Mr. Lucier performs, lectures and exhibits his sound installations extensively in the United States, Europe and Asia. He has visited Japan twice: in 1988 he performed at the Abiko Festival, Tokyo, and installed MUSIC ON A LONG THIN WIRE in Kyoto; in 1992 he toured with pianist Aki Takahashi, performing in Kawasaki, Yamaguchi and Yokohama. In 1990-91 he was a guest of the DAAD Kunstler Program in Berlin. In January 1992, he performed in Delhi, Madras, and Bombay, and during the summer of that year was guest composer at the Time of Music Festival in Vitaasari, Finland. He regularly contributes articles to books and periodicals. His own book, Chambers, written in collaboration with Douglas Simon, was published by the Wesleyan University Press. In addition, several of his works are available on Cramps (Italy), Disques Montaigne, Source, Mainstream, CBS Odyssey, Nonesuch, and Lovely Music Records.


In October, 1994, Wesleyan University honored Alvin Lucier with a five-day festival, ALVIN LUCIER: COLLABORATIONS, for which he composed twelve new works, including THEME, based on a poem by John Ashbery and SKIN, MEAT, BONE, a collaborative theater work with Robert Wilson. In April, 1997, Lucier presented a concert of his works on the MAKING MUSIC SERIES at Carnegie Hall and in October of the same year his most recent sound installation, EMPTY VESSELS, was exhibited at the Donaueschingen Music Festival in Germany. Recently, DIAMONDS for three orchestras was performed under the direction of Petr Kotik at the Prague Spring Festival, 1999.

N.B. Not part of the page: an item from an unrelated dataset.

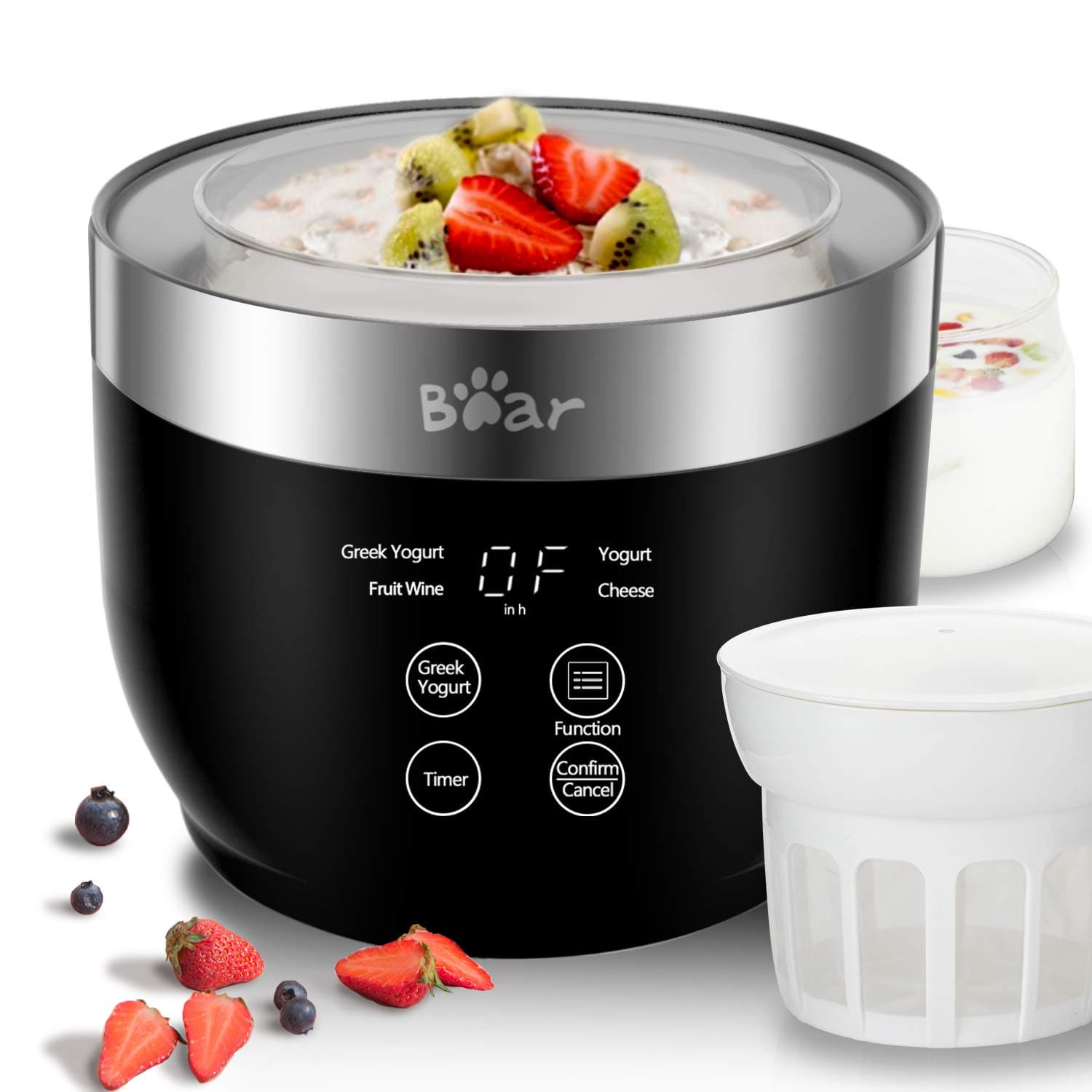 Automatic Digital Yogurt Maker With Stainless Steel Inner Pot, 2 Glass Jars (1 Quart) and Strainer for Home Organic Yogurt - Black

During this performance a small electric bird chirps in the space and Alvin Lucier moves his head as if trying to locate it by listening to its song. He wears binaural microphones in his ears, and the sound picked up by these microphones is diffused through two loudspeakers. By amplifying the microphone input, feedback between the output of the loudspeakers and the input of the microphones is created. Since the pitch of the feedback is related to the distance between the microphone and loudspeaker and the reflections of the sound in the performance space, every movement of the head of the performer causes a change in feedback sound. At the same time, we also hear the bird amplified through the microphones in the ears of the performer and the sound of the bird interacts with the feedback sound. Therefore, not only the distance between the performer and the loudspeaker but also the distance between performer and bird shape the sound in this piece. Alvin Lucier makes movements that signify listening or, as he himself says, "do you know how robins turn their heads to listen?" (Alvin Lucier Reflections. Interviews, Scores, Writings 1965-1994 Cologne 2005). Listening is made an audible feature of the performance. This is an example of a performance that uses movements that have a specific cultural context and are therefore also connected with a certain expectation. Movements for listening remain mostly silent, but here Alvin Lucier adapts them for a new function and these movements become audible.